Revisiting a Gull of the Past

I'm about to do something I have never done before, submit a description to the Devon Birds Records Committee of a bird that I saw over 11 years ago!

Let me explain... When you decide you are going to take an interest in gulls, you go on a journey.  It's a never ending journey really. At first you bumble your way through the flocks, getting over excited by gulls that 'look like X' and of course, you will make mistakes. But as the years go by, experience comes on your side, and that is why I need to revisit this bird.

On 23rd Dec 2008 I saw a gull that at the time had me scratching my head.  First I thought I had a sub-adult Yellow-legged, but its legs had no hint of yellow and the mantle didn't quite seem dark enough, so Caspian came to mind. However when it revealed its bill I was put right off that idea, not a bill to brag about.  I took a few photos, but then the darn thing took off and flew out to sea.  Gone for good, and I was convinced at the time with the few photos I had nothing would ever come of it.

11 years more experience and I can see I was wrong. When I look at the photos now, it's a Caspian Gull..

Axe Estuary 23rd Dec 2008

I am practically banging my head against a wall as I write this...

Bill aside -  this is a Caspian Gull.  And looking closely at the pics, I actually think there is enough here to present a plausible case to the DBRC. I will keep you updated with how the submission goes, but why bother I hear you ask?  Well, this is at least a third-winter bird, maybe even a fourth-winter?  Which would constitute the most mature Casp to have graced the Axe to date - we are still waiting for an adult.  But most of all, back in 2008 Casps were still proper rare in the south west, and this would become just the third record for the county. So it's got to be worth a shot.  

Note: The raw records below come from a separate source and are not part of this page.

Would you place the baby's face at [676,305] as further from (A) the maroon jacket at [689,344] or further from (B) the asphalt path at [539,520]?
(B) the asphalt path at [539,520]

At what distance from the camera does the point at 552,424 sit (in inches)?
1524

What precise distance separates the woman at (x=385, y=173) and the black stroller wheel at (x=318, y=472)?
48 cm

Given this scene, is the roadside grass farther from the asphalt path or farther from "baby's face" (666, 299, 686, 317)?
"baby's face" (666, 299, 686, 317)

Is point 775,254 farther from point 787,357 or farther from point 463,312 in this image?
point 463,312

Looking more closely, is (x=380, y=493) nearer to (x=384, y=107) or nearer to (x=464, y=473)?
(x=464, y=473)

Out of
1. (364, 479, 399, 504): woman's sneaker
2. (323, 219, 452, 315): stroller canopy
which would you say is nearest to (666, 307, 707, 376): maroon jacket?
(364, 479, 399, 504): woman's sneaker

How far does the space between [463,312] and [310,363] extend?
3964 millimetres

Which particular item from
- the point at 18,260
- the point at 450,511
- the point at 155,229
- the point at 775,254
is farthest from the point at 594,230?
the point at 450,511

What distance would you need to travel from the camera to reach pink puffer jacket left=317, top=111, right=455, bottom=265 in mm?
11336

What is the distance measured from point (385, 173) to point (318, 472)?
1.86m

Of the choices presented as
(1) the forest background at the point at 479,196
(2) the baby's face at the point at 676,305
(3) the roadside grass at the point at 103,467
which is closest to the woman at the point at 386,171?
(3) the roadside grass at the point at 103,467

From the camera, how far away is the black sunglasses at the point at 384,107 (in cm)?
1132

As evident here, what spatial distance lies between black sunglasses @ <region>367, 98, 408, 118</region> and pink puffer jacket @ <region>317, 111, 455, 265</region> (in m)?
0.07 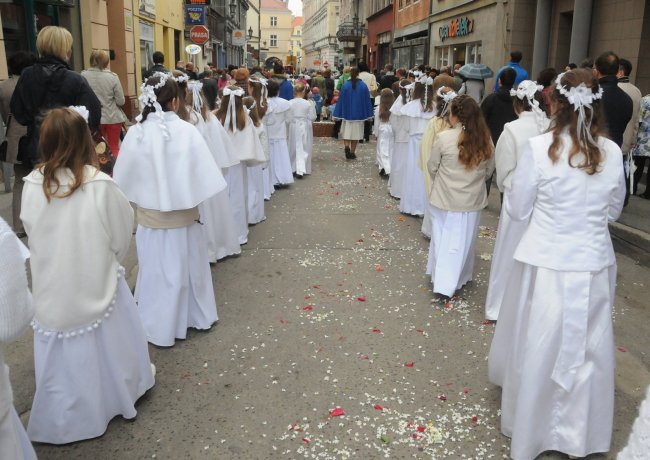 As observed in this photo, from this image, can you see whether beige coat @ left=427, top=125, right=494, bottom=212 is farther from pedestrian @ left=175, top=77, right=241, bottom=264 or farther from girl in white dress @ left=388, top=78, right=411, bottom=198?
girl in white dress @ left=388, top=78, right=411, bottom=198

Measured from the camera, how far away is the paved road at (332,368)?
341cm

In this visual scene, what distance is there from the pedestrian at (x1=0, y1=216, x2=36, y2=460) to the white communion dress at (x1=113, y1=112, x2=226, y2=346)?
2067 mm

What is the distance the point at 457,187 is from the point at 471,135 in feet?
1.56

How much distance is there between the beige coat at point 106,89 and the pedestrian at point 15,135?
1.96 metres

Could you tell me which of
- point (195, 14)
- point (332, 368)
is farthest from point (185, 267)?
point (195, 14)

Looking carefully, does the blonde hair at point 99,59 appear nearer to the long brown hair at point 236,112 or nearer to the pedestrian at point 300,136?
the long brown hair at point 236,112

I am hoping to find the original pics buried away somewhere on an external hard drive, but for now will have to use the pics from my original blog post to help explain my change of heart...

Looking at this pic I'm thinking...WHAT WAS I THINKING... even more!

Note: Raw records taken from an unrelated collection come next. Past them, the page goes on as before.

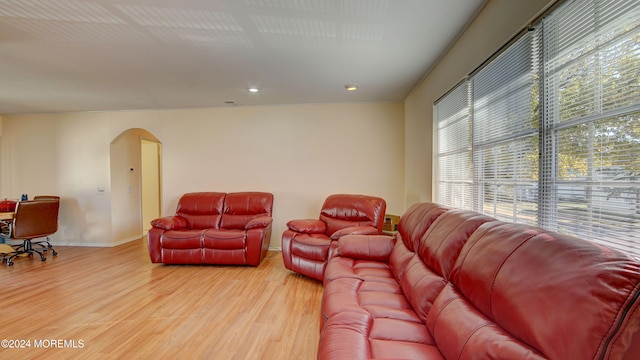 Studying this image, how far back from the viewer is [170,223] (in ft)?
12.8

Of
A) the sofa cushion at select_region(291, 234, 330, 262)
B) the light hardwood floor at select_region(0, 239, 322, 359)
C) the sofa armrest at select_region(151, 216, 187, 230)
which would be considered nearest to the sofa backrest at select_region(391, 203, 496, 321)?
the light hardwood floor at select_region(0, 239, 322, 359)

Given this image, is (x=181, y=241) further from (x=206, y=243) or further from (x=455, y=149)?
(x=455, y=149)

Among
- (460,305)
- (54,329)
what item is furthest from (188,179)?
(460,305)

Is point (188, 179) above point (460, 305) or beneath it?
above

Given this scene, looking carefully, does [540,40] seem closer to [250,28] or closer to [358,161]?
[250,28]

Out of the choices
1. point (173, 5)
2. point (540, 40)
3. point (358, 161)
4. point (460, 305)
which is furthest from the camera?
point (358, 161)

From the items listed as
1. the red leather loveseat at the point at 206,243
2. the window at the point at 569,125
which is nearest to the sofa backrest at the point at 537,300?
the window at the point at 569,125

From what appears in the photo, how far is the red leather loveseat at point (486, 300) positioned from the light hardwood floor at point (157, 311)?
0.73 meters

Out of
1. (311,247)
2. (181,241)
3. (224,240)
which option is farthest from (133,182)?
(311,247)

Let's concentrate on its overall structure in the above pic, and this is where hybrids or Caspian Gull-lookalikes often let themselves down.  I wrote at the time how long-winged it looked at rest, and that can clearly be seen in this pic. Note also it's high and 'puffed up' chest, giving it the distinctive cachinnans-look.  The legs are also classic Casp, long and thin compared to the first-winter Herring Gull front left. Whilst on the topic of legs, they are the perfect sub-adult Casp straw-colour too, not pink like a Herring of similar age.

Heads-up Steve's made a balls-up

Let's look at mantle colour now, a shade darker than the adult Herring Gull behind, and lacking the blue-tinge of this species.  This is paler however than an adult Yellow-legged Gull should look, and once again perfect for a Casp.  

The best view of its head

So let's look at its head now and isn't it white!  Not a speck or blemish, which is fairly unusual for an adult large gull pre-Christmas. Even an ad Yellow-legged usually shows some flecking, but this is completely clean.  And of course we have that typical small beady black eye that you find in adult and near-adult Casps. Head shape certainly looks nice and rounded as well, although I don't think any of my pics show its head shape well.

But now it's time to talk about the elephant in the room.... the bill. Well it's certainly not going to poke anyone's eye out, but it is narrow and parallel. Not every Caspian Gull is as well endowed as the next. 

Time to zoom in on the wing...

Bit blurry I'm afraid

 So here we can see the upperside of its wing, and note the great big chunk of black on p5. 

Having a good old preen

In this pic you can just see the underside of the nearest wing, and note the large window on p10, a typical Caspian trait.   Look again at mantle colour compared to the Herring Gull, it's darker and greyer but not by much. Legs are also showing well in this pic, strikingly long and thin.

The one thing that I still can't make my mind up on is it's age.  Clearly not an adult, with that black smudge on one of its tertials and a bit of a darkness on the beak above the red spot - but is it too 'adulty' for a third-winter?  I think I would have expected a pinker bill with some hints of a necklace if it were a third-winter, and possibly a bit more evidence of younger feathers in the wing?  But maybe I'm wrong. Again.

As ever, if you have some thoughts do share them with me. Oh and here's the original blog post, which illustrates nicely my naive chain of thoughts at the time;


  1. Ha ha! Looks brilliant doesn't it?! I remember this bird, and the photos, and am delighted you've revisited it. The bill looks pretty good to me actually, and it's nicely dull. Is that a saggy nappy? And look at that primary projection...

    Like it lots! All the best with the submission.

  2. Looks like a Caspian, doesn't it? The whole profile seems classic textbook stance. I wish I'd photographed a similar-looking bird at Axminster a few years ago. Must remember to take camera when gulls are about!